Lighting is semi-static and baked into the voxel grid. Each 1m3 cell acts as a low frequency light probe and stores the incoming light on each axis: X±, Y±, Z±. Each light value is represented as a 4-dimensional vector of floats, and each cell contains six of these. 4 bytes * 4 * 6 = 96 bytes per cell. In Eldritch, these values were stored in a flat array, totaling about 6MB of light data per map. Lights can be added, removed, or changed at runtime, but this requires resolving all light sources influencing the local voxels and rebuilding the local voxel hull meshes. This can usually be done within the span of a 60Hz frame without causing a hitch, mostly because Eldritch has few lights, and they have relatively small radii.

When the voxel hull meshes are constructed, Eldritch queries the singular probe on the front face of each voxel and lights the voxel by baking that light value into the mesh’s vertex color. Using only the local light value produces discontinuities between voxels, causing the “blocky” effect indicated in the image above. (The most recent update to Eldritch adds light smoothing from NEON STRUCT as described below, but the blockiness was present in all prior versions.)

Objects are also lit using the voxel light grid, but in a different manner because the lighting cannot be baked into the vertex stream. Each tick, the renderer looks up the light probe nearest to each object’s centroid and passes its values to the pixel shader. After transformation, the mesh is lit by multiplying the components of its per-pixel normal by the corresponding values in the light probe, like so:

float4 LightProbe[6]; // X+/-, Y+/-, Z+/-
float4 GetLight( float3 InNormal )
{
    float3 NormalSq = InNormal * InNormal;
    int3 IsNeg = InNormal < 0.0f;
    return
        NormalSq.x * LightProbe[IsNeg.x] +
        NormalSq.y * LightProbe[IsNeg.y + 2] +
        NormalSq.z * LightProbe[IsNeg.z + 4];
}

This produces soft per-pixel lighting which roughly approximates the directions of incoming light.

NEON STRUCT builds upon Eldritch‘s lighting system, with a few important changes.
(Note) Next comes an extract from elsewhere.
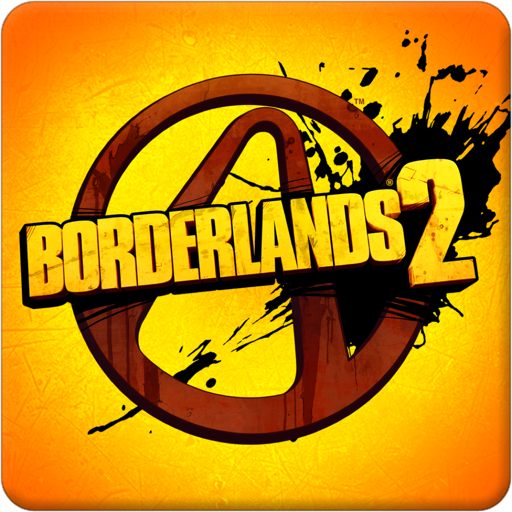 无主之地2Borderlands 2 for Mac(射击游戏)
The two most apparent differences are smooth world lighting (no more blocky discontinuities between voxels) and cel shading on objects.

Smoothed world lighting is simple in theory: just blend the light values between each voxel. In practice, it was somewhat trickier than I expected. Each corner of a voxel’s face is lit by the local light probe and the three probes adjacent to that corner, but only if the adjacent voxels are non-solid. If an adjacent voxel contains geometry, it needs to be ignored in the smoothing operation or else it will darken the voxel’s face in an undesired way. (Voxel lighting in both games already has an ambient occlusion factor to darken concave edges and corners.)

Object lighting in NEON STRUCT is similar to that in Eldritch, but the shader is modified to produce a pseudo cel shaded effect. Unlike typical cel shading, in which the color is quantized to produce discontinuities, I chose to quantize the direction of the per-pixel normal to the cardinal axes. This produces discontinuities in color even when the colors in each direction are relatively similar, so objects in low light scenes will retain some definition and not be completely flattened out.

float4 LightProbe[6]; // X+/-, Y+/-, Z+/-
float4 GetCelLight( float3 InNormal )
{
    float3 NormalSq = InNormal * InNormal;
    int3 IsNeg = InNormal < 0.0f;
    int UseX = NormalSq.x >= NormalSq.y && NormalSq.x >= NormalSq.z;
    int UseY = ( 1 - UseX ) * ( NormalSq.y >= NormalSq.z );
    int UseZ = 1 - ( UseX + UseY );

    return
        UseX * LightCube[IsNeg.x] +
        UseY * LightCube[IsNeg.y + 2] +
        UseZ * LightCube[IsNeg.z + 4];
}

The less visible changes since Eldritch include significant optimizations for adding/removing/changing lights, as described in a couple of previous posts. Furthermore, the flat array of lighting data (which was over 6MB for Eldritch‘s small levels) needed to be converted into a sparse array for NEON STRUCT‘s larger levels. Now, any voxel which is lit only by the ambient term does not store a light probe.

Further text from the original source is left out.